The appellant then argued that the Secretary of State is “not going to enforce the use restrictions in the way that the plaintiff claims to fear that we’re going to.”
One of the judges hearing the case interrupted at this point to ask the attorney about the “non-binding” nature of this interpretation.
In response, the Assistant Attorney General argued that from a “common sense practical point of view,” PILF’s suggestion that the State would allow them to analyze and publish data in a report focusing on Maine but not in a report focusing primarily on another state doesn’t make “smart common sense.”
The attorney then admitted that the statute under consideration “could have been worded better” to more effectively express its intended purpose.
One of the presiding judges then stated that “generally we’re supposed to assume that the legislature means what it says.”
“I appreciate your argument that it wouldn’t be practical for you to do what is being alleged,” the judge said, “but that’s not what we’re really deciding. We’re looking at what the statute would permit someone to do.”
“My understanding of the law is that when you have a recent statute like we do here — especially that’s been amended, and it has substantial fines — that just statements by state officials that they’re not going to enforce it is not enough to eliminate standing.”
The attorney representing PILF — Noel Johnson — argued before the court that “Congress believed that accurate voter rolls were so vital to the proper functioning of a democracy that it made all records subject to public disclosure when it comes to voter list maintenance and registration.”
“Maine is thwarting Congress’ objectives, and punishing and silencing its critics,” Johnson stated.

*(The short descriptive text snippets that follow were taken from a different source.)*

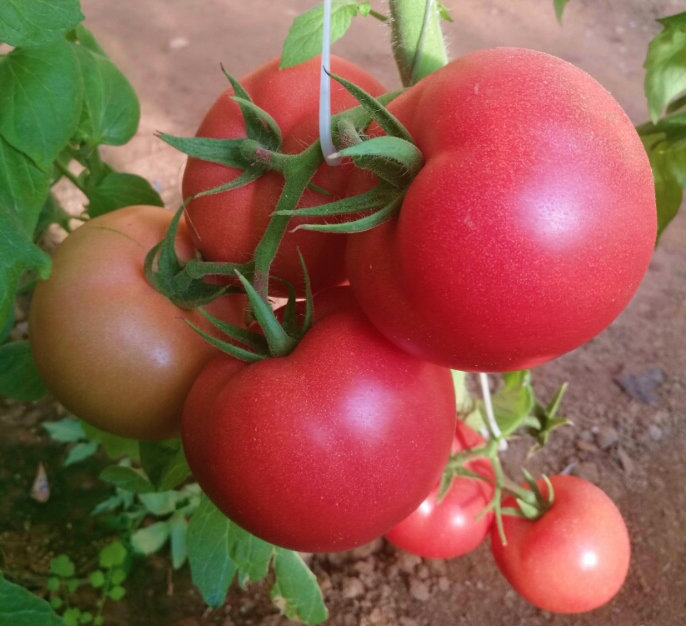 ����鿴��ϸ��Ϣ<br>���⣺��������4�� �Ķ�������3620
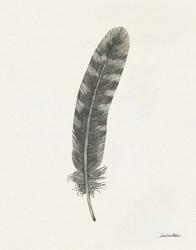 Springtime Feather I | Obraz na stenu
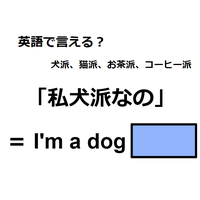 英語で「私、犬派なの」は何て言う？
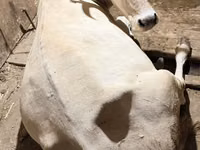 母牛, Ukrainian Brown Dairy Cattle — 照片 1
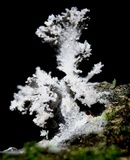 Xylaria cubensis image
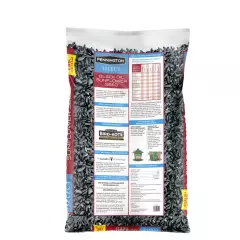 Pennington Select Black Oil Sunflower Seed Dry Wild Bird Feed, 40 lb. Bag, 1 Pac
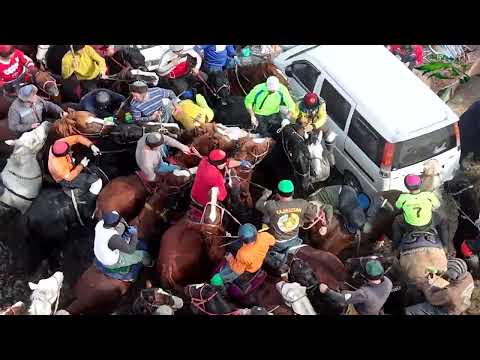 Видео: Бузкашии д Алобайтал 08 11 2025 кисми 2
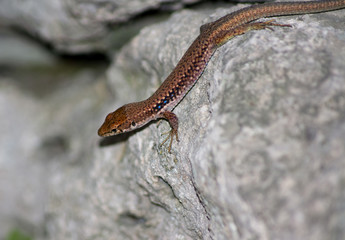 Lizard on a stone wall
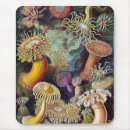 Search for life science electronics Ocean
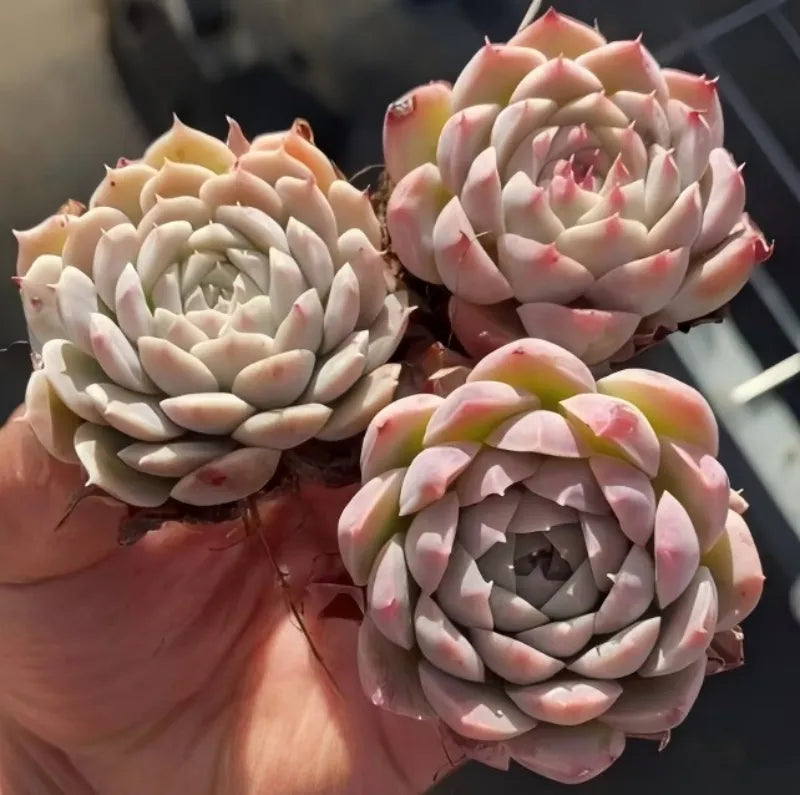 Echeveria rosette succulent with pink-tipped leaves in a cluster
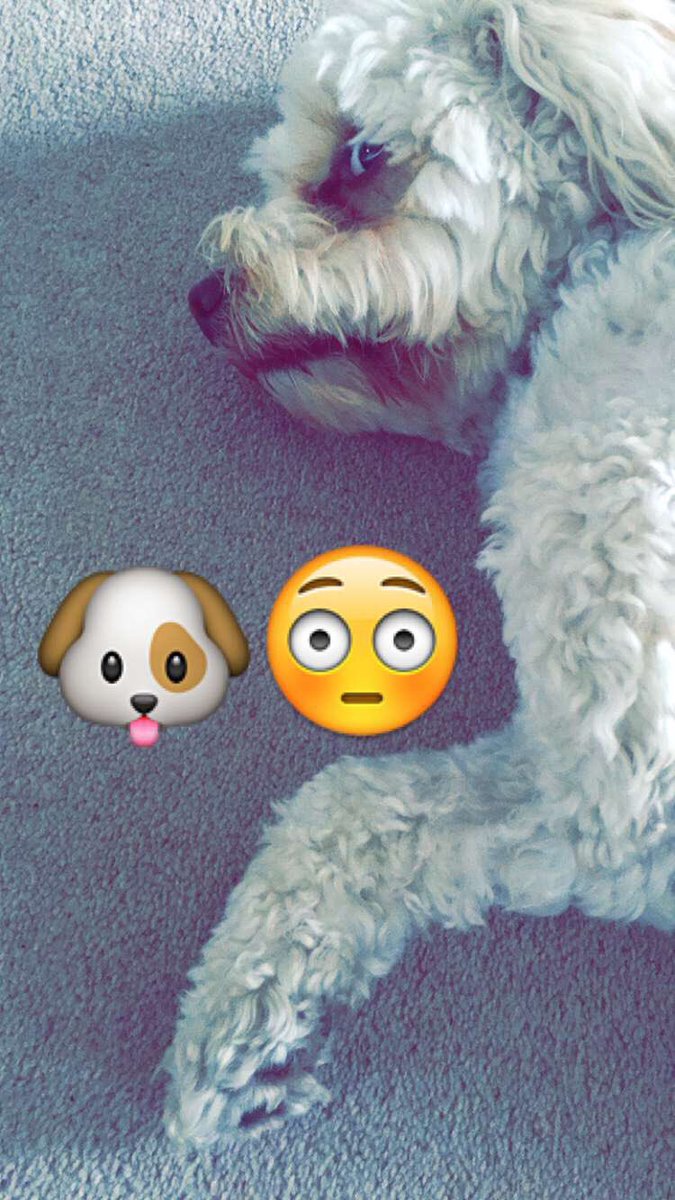 MerlinCockapoo's tweet image. 🐶😳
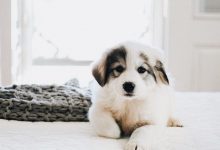 Bild von Große Hunde bilder fürs handy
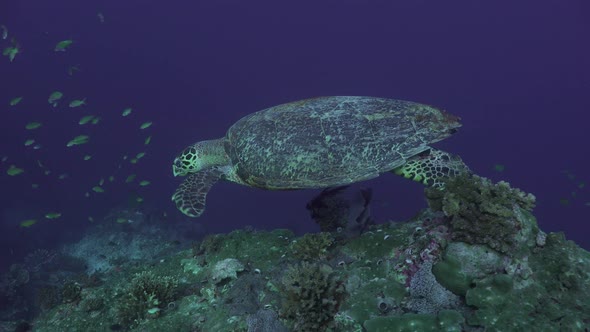 Hawksbill turtle swimming along coral reef drop off with blue ocean in background alt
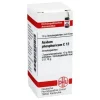 A|A-DHU Acidum phosphoricum C 12 Globuli, 10 g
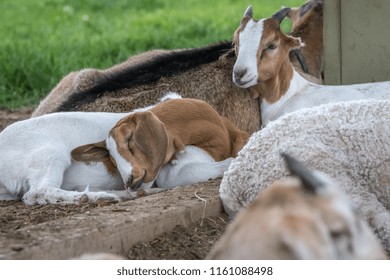 Brown And White Sleeping Baby Goat.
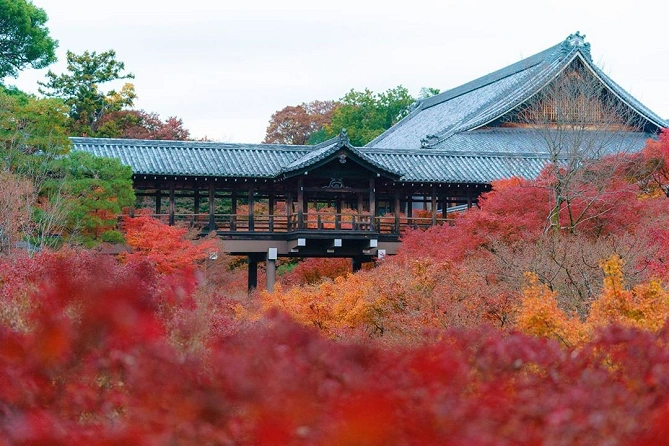 東福寺　紅葉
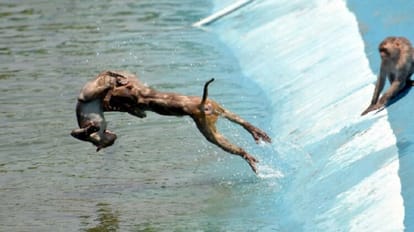 Heat started rising in Jammu and Kashmir, relief expected in some parts today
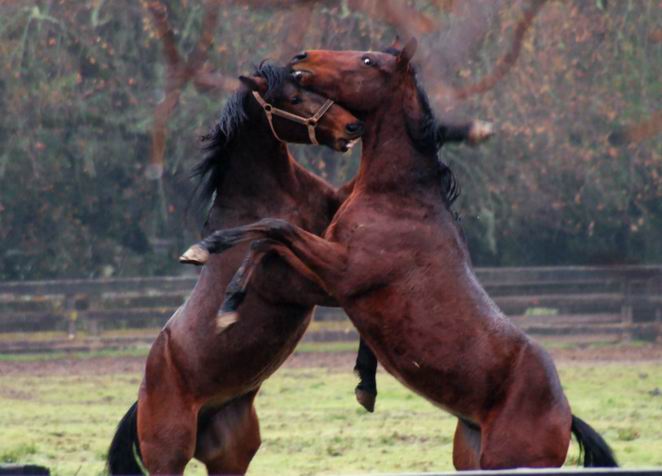 Colts Playing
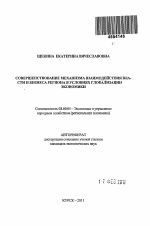 Совершенствование механизма взаимодействия власти и бизнеса региона в условиях глобализации экономики - тема автореферата по экономике, скачайте бесплатно автореферат диссертации в экономической библиотеке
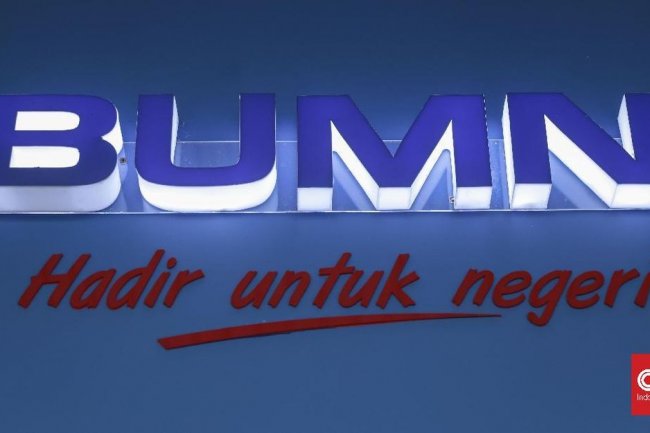 Danareksa Sebut Masih Ada 15 BUMN yang Sakit, Apa Saja?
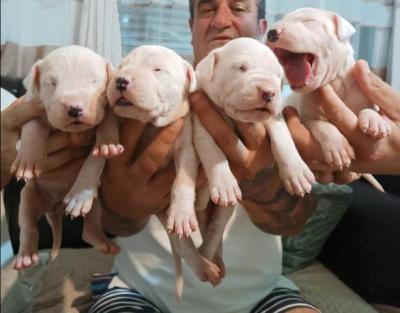 Dogo Argentino, Welpen - Vienna Dogs, Puppies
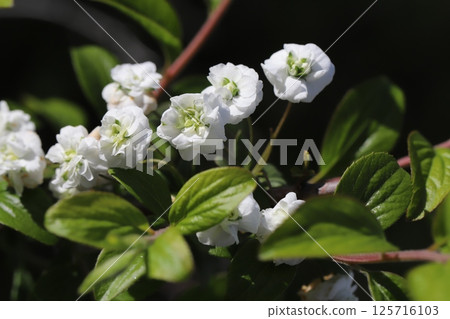 A lycaenidae flower with white petals and a green center blooming in a park in spring 125716103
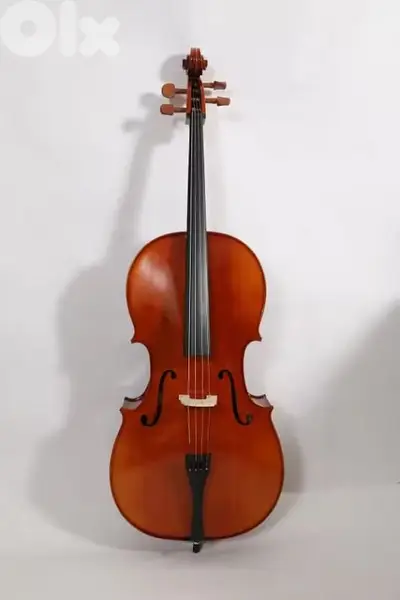Starway Premium quality Cello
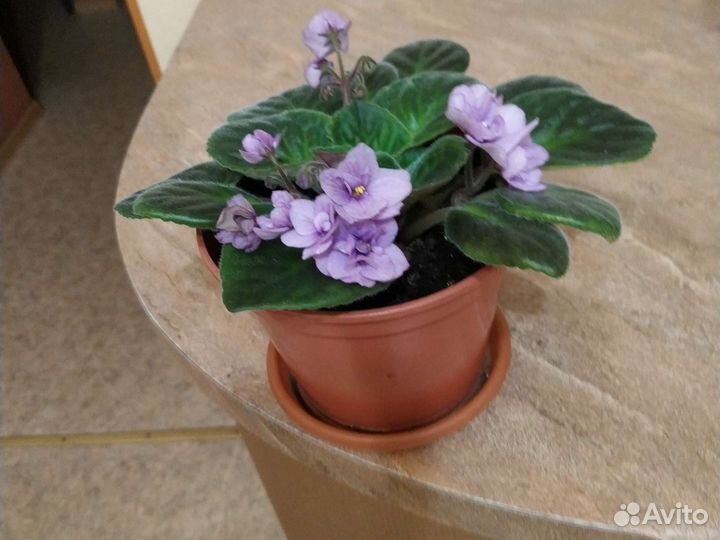 Фиалка нежно - сиреневая с горшком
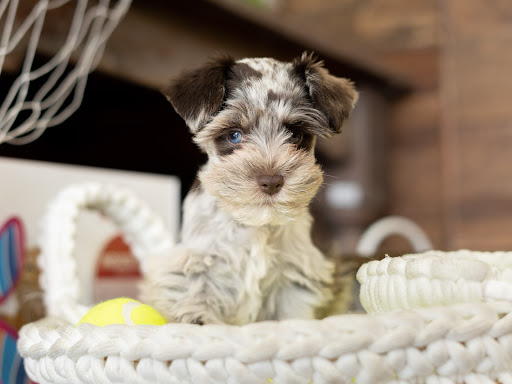 Pet Store «Petland of Plantation», reviews and photos, 801 S University Dr, Plantation, FL 33324, USA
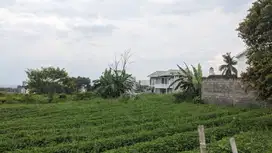 Peluang Investasi! Tanah Malang SHM di Kawasan Ramai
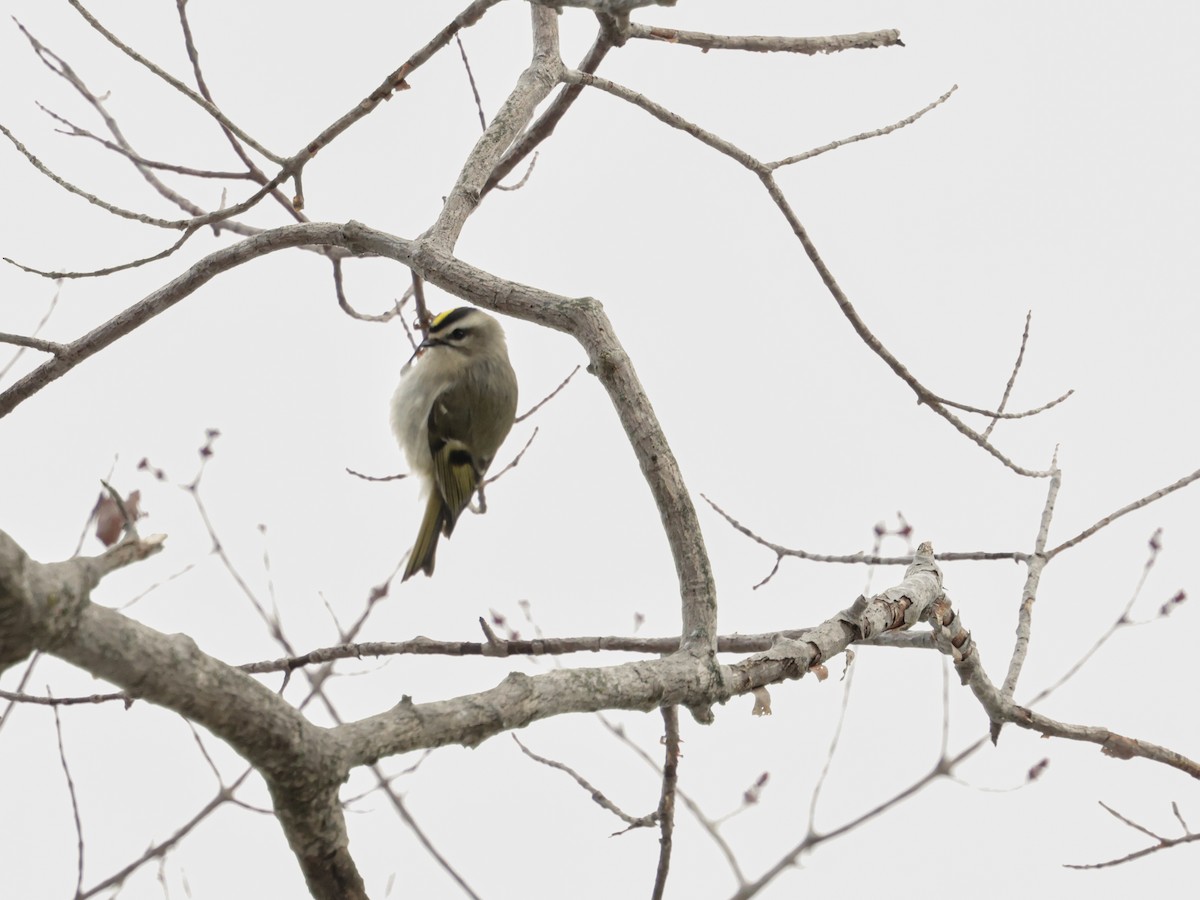 Roitelet à couronne dorée - ML647107447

When asked about the State’s argument that enforcement would not, in reality, occur in the way that PILF is suggesting, Johnson said that “this is not a complex statute.”
“There’s no uncertainty. There’s no ambiguity. The Maine Legislature drafted with precision. It chose its words carefully. It said the state. There’s only one state that matters here — It’s Maine,” Johnson said. “And when it comes to enforcement, council mentioned that it is common sense to assume they would not enforce a statute that they’ve promised not to enforce. I think it’s common sense to read the statute to mean what it says.”
The attorney further pointed out that the State has shifted in its interpretation of this language throughout the course of litigation, lending further credence to PILF’s concerns that their word regarding interpretation is not iron clad.
In answering a judge’s question concerning the possibility of exposure of voters’ private information, Johnson responded that “Congress considered and decided that issue when it wrote in the statute that all records related to list maintenance are public.”
With regards to malicious uses of voter data — including voter intimidation — PILF’s attorney argued that it “comes down to what is the purpose of the action.”
Johnson then suggested that the State has an obligation to provide information when requested for a non-malicious purpose and then pursue enforcement of voter intimidation laws after the fact if necessary.
According to their attorney, PILF is “not challenging their ability to prohibit voter intimidation” by challenging the legality of the statute.
A representative of the United States government also appeared today to speak as a “friend of the court” or amicus. During his remarks, the attorney provided some technical interpretation of the relevant federal statutes.
The government representative also offered some remarks concerning the potential of redacting portions of the record, suggesting that full birth dates may be eligible for redaction, as well as certain pieces of information for specific categories of individuals when noted elsewhere in federal law or as determined by state courts.
It is not yet clear how — and when — the First Circuit Court of Appeals will issue a ruling on the case.